Estoy muy bien, estoy feliz. Vivo ahora en un pequeño pueblo del norte de España, en una casita con un jardín que adorarías.
Sé que lo imaginas, pero te confirmo que fui yo quien se llevó una de tus cámaras, es lo menos que podía llevarme, después de todo.
La sigo usando para hacer estudios de botánica. Pero ahora he introducido el color, vivo fascinada por poder captarlo en mis imágenes.
Trabajo con una norma ridícula y autoimpuesta, tomar solo plantas del jardín. De las que crecen silvestres y libres,  y de las que los jardineros fueron introduciendo en las últimas décadas.
Ahora que soy extranjera  y no me siendo del todo bien recibida, me interesa observar cómo la sociedad y los individuos tratan a  los que venimos de fuera, al igual que se trata a una planta foránea.
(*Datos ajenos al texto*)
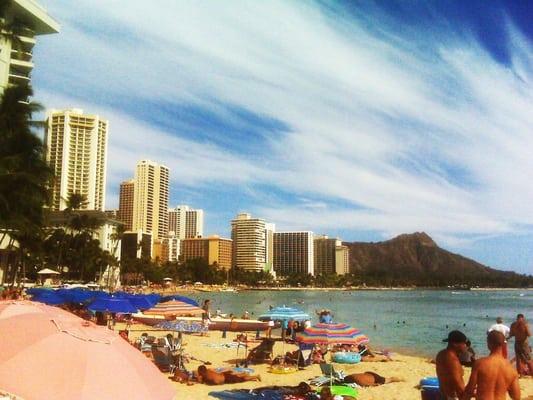 Waikiki Beach and Diamond Head on O'ahu, Hawaii 2010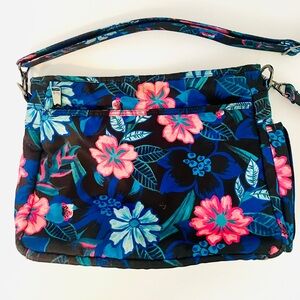 LUG Floral pink and blue nylon Crossbody Bag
Así, hay plantas que se han introducido y que se tienen en gran estima, por su belleza o su rentabilidad, mientras otras se arrancan y destruyen, desde el desprecio y desde el desconocimiento.
También me sorprende cómo los jardineros arrancan afanosamente plantas silvestres que a mí me parecen preciosas, sin hablar del desconocimiento que existe  acerca de sus propiedades y de la necesidad de su existencia para el conjunto del jardín. Igual que se ignora lo valioso e imprescindible algunas capas de la sociedad.
 Así que los he despedido y ahora cuido yo de todo.
Cada día tomo fotos y cada día pienso en la metáfora de cómo tratamos a los demás a través de observar cómo tratamos a las plantas.
Y he llegado a la conclusión de que en ambos casos, somos idiotas.